Siyah çaydaki polifenol adlı bileşiklerin, iyi bakterilerin çoğalmasını ve zararlı olanların azalmasını sağlayarak bağırsağın sağlıklı kalmasına katkı sunduğu tahmin ediliyor.

Ayrıca pek çok araştırma yeşil çayın kilo vermeye yardımcı olduğuna işaret ediyor.

Bununla beraber, 2017'de siyah çayın da bağırsaklara iyi gelerek zayıflamaya katkı sağladığı bulunmuştu.

Hidrasyona katkı sağlıyor

Vücutta yeterli su bulunmasını ifade eden hidrasyon, kalbin düzgün çalışmasından sindirime kadar pek çok sürecin işlemesinde kritik önem taşıyor.

Uzmanlar bunun için genellikle su içilmesini tavsiye ediyor fakat çay gibi içeceklerin de yardımcı olacağını belirtiyorlar.

Diyetisyen Caroline Thomason "Çaydaki kafein ve diğer bileşikler idrar söktürücü işlevi görebilir, yani idrara çıkmamıza neden olabilir" diyerek ekliyor:

Fakat bunların dehidrasyona yol açan içecekler olmadığını unutmayın.

Newcastle Üniversitesi'nden Emma Beckett da "Hidrasyon sadece vücudunuzda ne kaldığıyla ilgili değil" diye açıklıyor: 

Hidrasyon vücudunuzda hareket eden suyla ilgili ve vücudunuzda gezinirken toksinleri atma ve tuzları dengeleme fırsatı veriyor.

Uzmanlar bu nedenle günlük su ihtiyacının tamamen su içerek karşılanmak zorunda olmadığını ifade ediyor. Çayın yanı sıra sebze-meyvelerden gelen su da hidrasyona fayda sağlıyor.

Odaklanmayı artırıyor ve stresi azaltıyor

Diyetisyen Jennie Norton, siyah ve yeşil çaydaki L-theanine adlı amino asit ve kafeinin, dikkati toplamaya yardım ettiğini söylüyor. 

Kahveden farklı olarak çaydaki kafein, daha yavaş emildiği için daha uzun süre enerji sağlıyor.

Bilim insanları L-theanine'in odaklanmayı artırdığını, rahatlamayı sağladığını, hafızayı geliştirdiğini ve stresi azalttığını da belirtiyor.

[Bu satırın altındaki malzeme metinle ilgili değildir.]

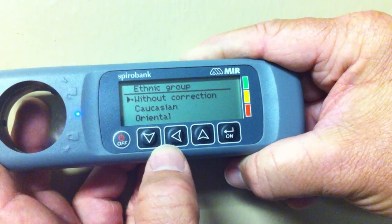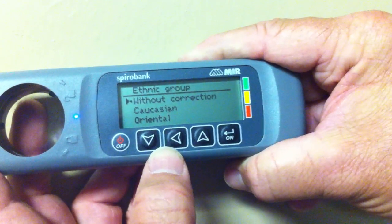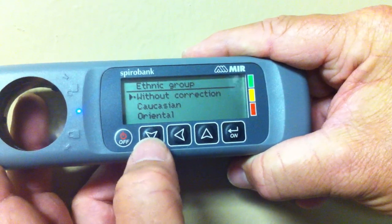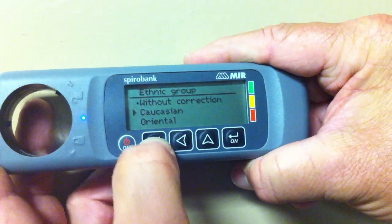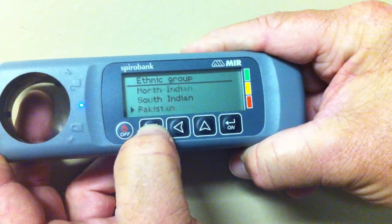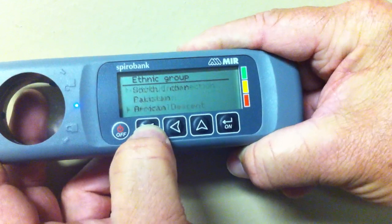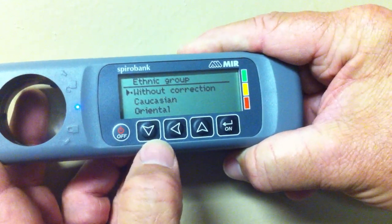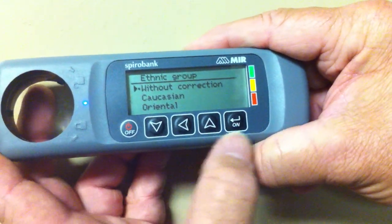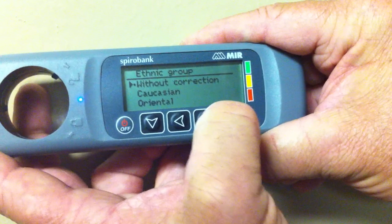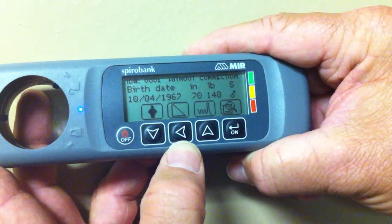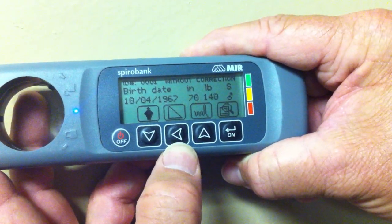Choose the ethnic group of the patient. If the patient is Spanish or Hispanic, you can choose that option. Scroll all the way down without correction to make your selection, then hit the on button. Use the ramp button to begin your test.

Çalışmalar ayrıca çeşitli çayların sadece kimyasal bileşenleriyle değil aromasıyla da insanları rahatlattığını gösteriyor. Çay içerken yaşanan duyusal deneyimlerin, stres hormunu kortizol seviyelerini düşürme ve kaygıyı azaltma gibi etkiler yaratabileceği öne sürülüyor.

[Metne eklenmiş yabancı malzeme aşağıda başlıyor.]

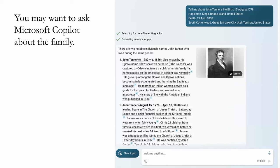Here's an example prompt: 'Tell me about John Tanner's life, birth 15 August 1778 Upton, King's County, Rhode Island, death 13 April 1850 South Cottonwood, Great Salt Lake City, Utah Territory.' The AI came back and found two people fitting that description — a John Tanner who was captured by Indians and became a guide and interpreter whose story was published in 1830, and the other John Tanner who joined the Church of Jesus Christ of Latter-day Saints. I already knew this, which was the purpose — asking questions I know the answers to.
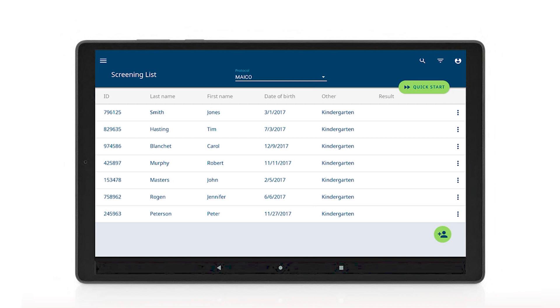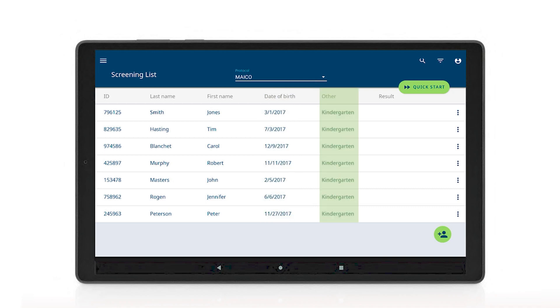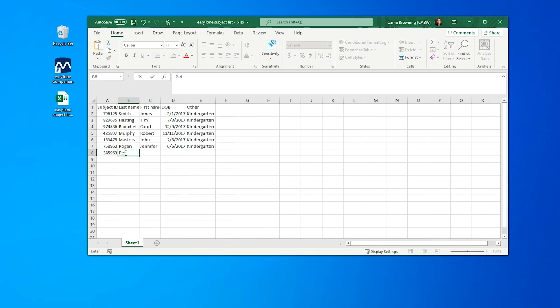The EZTONE app has the option of five columns to be imported for the EZTONE screening list and other field, which is used for any general information such as grade, teacher name, or school name. The list of subjects can be created in an Excel or CSV document.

2018 tarihli bir çalışmada, siyah çay aromasını solumanın bilişsel görevler sırasında stresi azalttığı görülmüştü. 

Papatya çayı özellikle rahatlama için etkiliyken, nane çayının ferahlatıcı kokusu dikkati artırabiliyor.

Kalpten bağırsaklara kadar pek çok organa iyi gelen çayın, uzun ömürle arasındaki ilişkinin bu sebeplerden kaynaklandığı tahmin ediliyor. 

Ancak burada bir neden-sonuç ilişkisi olmadığını ve uzun bir yaşam için sağlıklı beslenme, düzenli egzersiz yapma ve yeterli gece uykusunu alma gibi faktörlerin kritik rol oynadığını belirtmek gerekiyor.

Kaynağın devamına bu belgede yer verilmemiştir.